The second shift is quieter but possibly just as important. Brazilians increasingly say they would rather be self-employed than hold a salaried job. Americas Quarterly contrasts this with an older Brazil, where a carteira assinada once represented not only stability but status. That aspiration has changed. Many voters now seem to want less of a benefactor state and more of a government that guarantees basic security and leaves room for individual hustle. It is a harsher social mood, more solitary, more suspicious, less union-shaped. Lula’s party, built in the trade union world of the 1980s, is still trying to fully grasp it.
This is where Flávio Bolsonaro may benefit from being underestimated. He lacks his father’s aggressive energy. He lacks the attack dog style.

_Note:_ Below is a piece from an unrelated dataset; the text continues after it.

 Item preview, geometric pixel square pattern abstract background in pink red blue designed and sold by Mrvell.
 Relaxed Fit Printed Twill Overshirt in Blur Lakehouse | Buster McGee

But that blandness may actually widen his appeal among voters who share the family’s conservative agenda yet recoiled from Jair Bolsonaro’s rhetoric and pandemic record. His own vulnerability, tied to alleged money laundering and salary misdirection, now appears smaller in comparison to the Banco Master scandal. He has denied wrongdoing.

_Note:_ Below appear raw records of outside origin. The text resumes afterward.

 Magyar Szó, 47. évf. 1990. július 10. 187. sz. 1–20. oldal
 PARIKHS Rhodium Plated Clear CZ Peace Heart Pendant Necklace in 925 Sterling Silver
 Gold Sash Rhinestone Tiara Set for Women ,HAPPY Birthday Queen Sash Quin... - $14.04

Those around Lula remain calm. His job approval is still about 47% in the latest Datafolha poll. Advisers believe that if the campaign becomes a referendum on the economy, he can still win. Real wages have risen by almost a fifth during his term. New subsidies on natural gas and a tax break for working-class Brazilians are arriving at exactly the right political moment.
Still, the race no longer feels secure. The war in the Middle East is just one of several uncertainties looming in the months ahead. Americas Quarterly suggests the most likely outcome is a close contest where one surprise, at home or abroad, could change everything. Brazilians are familiar with that feeling. What’s different now is that Lula started the year expecting a steadier, easier path.
Instead, Brazil has become its usual self again—restless, polarized, and hard to predict until the very end.